The Islamic finance industry (IFI) now has an opportunity to innovate a new breed of Basel III compliant sukuk that could address the capital adequacy needs of Islamic banks as stipulated by the Basel III accords, according to a report.
“Tier-1 capital is regarded to be the ‘going concern’ capital which absorbs losses while the bank is still solvent. It consists mainly of Common Equity Tier 1 (CET1) instruments such as ordinary shares and reserves. Basel III does, however, allow 1.5% of the minimum Tier 1 capital ratio to be in the form of additional tier 1 (AT1) capital. AT1 capital is a layer of additional going-concern capital which is perpetual in nature. Together, the CET1 and the AT1 constitutes subordinated paid-in capital capable of absorbing losses,” the report published by Bank Negara Malaysia.

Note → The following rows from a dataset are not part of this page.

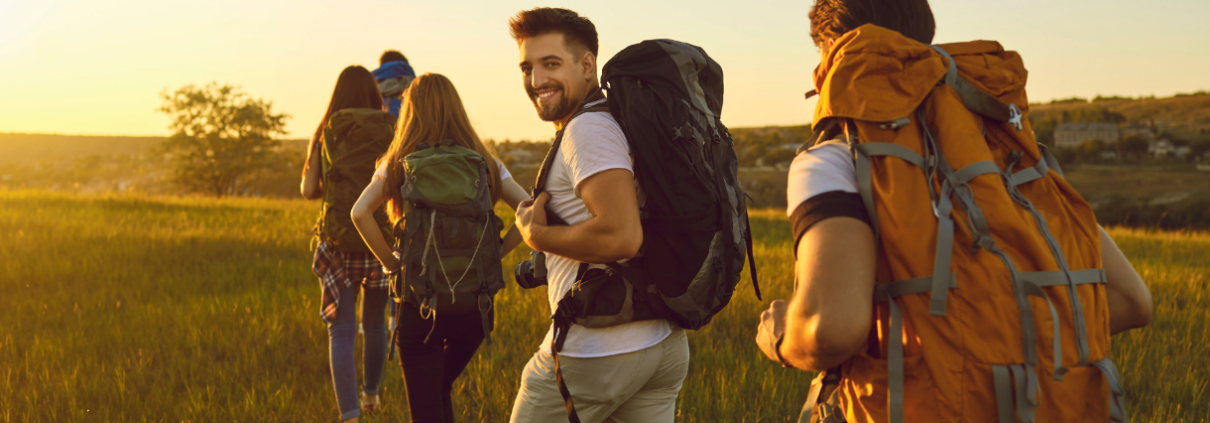 Fünf Personen wandern bei Sonnenschein durch eine Wiese, während eine Person lächelnd ins Bild schaut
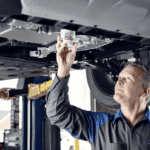 Certified Ford technician performing oil change service in Muncie IN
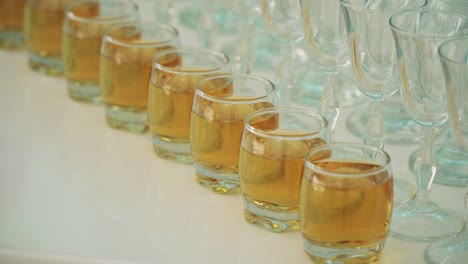 glasses with alcohol in a row on a white table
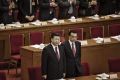 Xi Jinping, China's president, left, and Li Keqiang, China's premier, arrive during the opening of the fifth session of ...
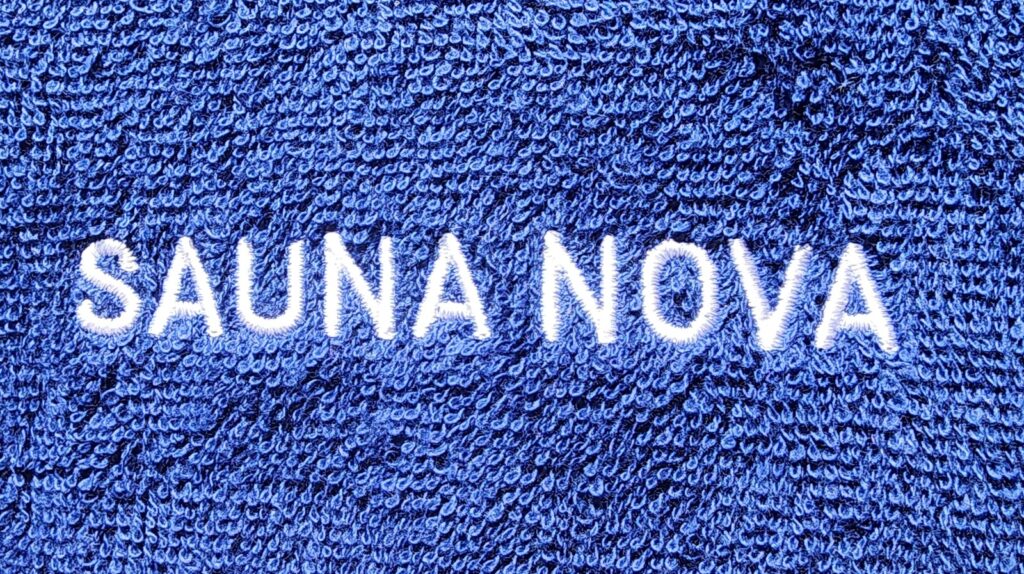 瞑想サウナポンチョの綿パイル生地のアップ。SAUNA NOVAのロゴが入っている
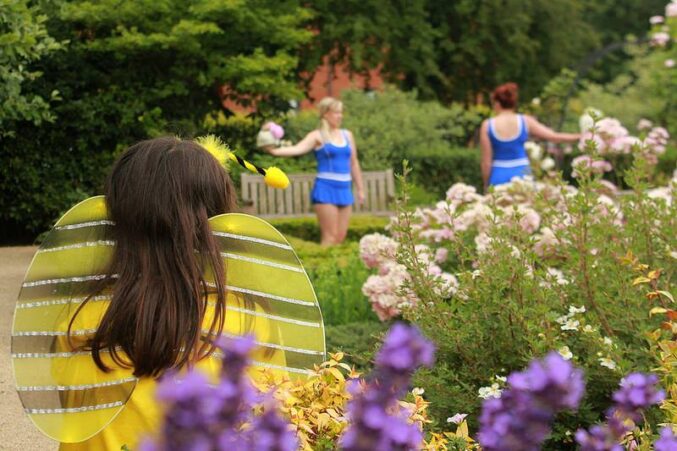 Young people dancing in a garden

When referring to AT1 capital, the Basel III accords are signalling towards instruments that are potentially hybrid in nature (of equity and debt), offering fixed rates of return while able to absorbs losses as per equity instruments via returns which can be deferred and non-cumulative.
To satisfy the Basel III requirements, there is ample opportunity to innovate a new breed of
‘Basel III compliant’ sukuk that can address the capital adequacy needs of Islamic banks. Such an innovation offers the potential for sukuk underwriters to expand market shares and further boost the supply of sukuk in global markets. The global sukuk market continues to show strong growth momentum in 2013 after a bumper year in 2012 that saw issuances increase of 54.2% year of year basis.
Likewise, the compound annual growth rate for total sukuk outstanding between 2007 and 2012 reached 19.4%2 and additional market-segment of Basel III compliant sukuk that satisfy regulatory requirements can expand the horizons and usability of sukuk as financial instruments.